## Directions for this task
Repeat the data that follows exactly, starting at the line with "Videohive - Through" and ending at the line with "Pan payés SCHÄR 240 g.", and leave out every picture.

## Information given

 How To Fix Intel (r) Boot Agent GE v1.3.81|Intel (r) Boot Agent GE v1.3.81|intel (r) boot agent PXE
...
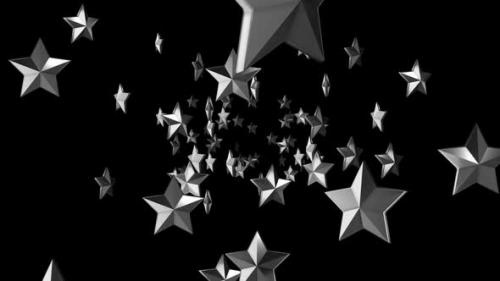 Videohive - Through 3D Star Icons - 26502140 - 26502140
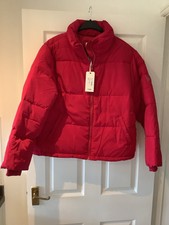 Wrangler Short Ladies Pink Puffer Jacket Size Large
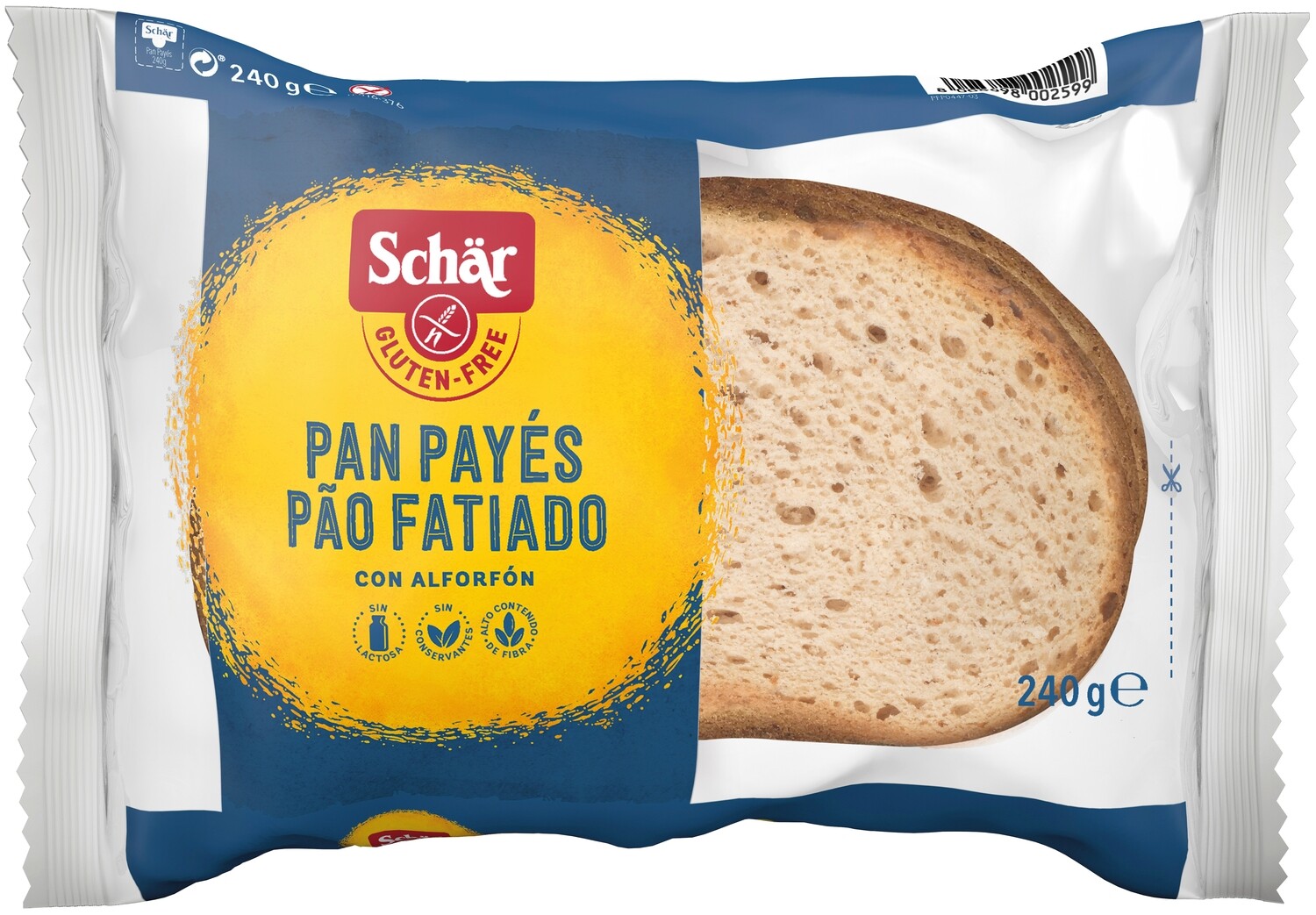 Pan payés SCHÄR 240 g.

## Written solution
 Videohive - Through 3D Star Icons - 26502140 - 26502140
 Wrangler Short Ladies Pink Puffer Jacket Size Large
 Pan payés SCHÄR 240 g.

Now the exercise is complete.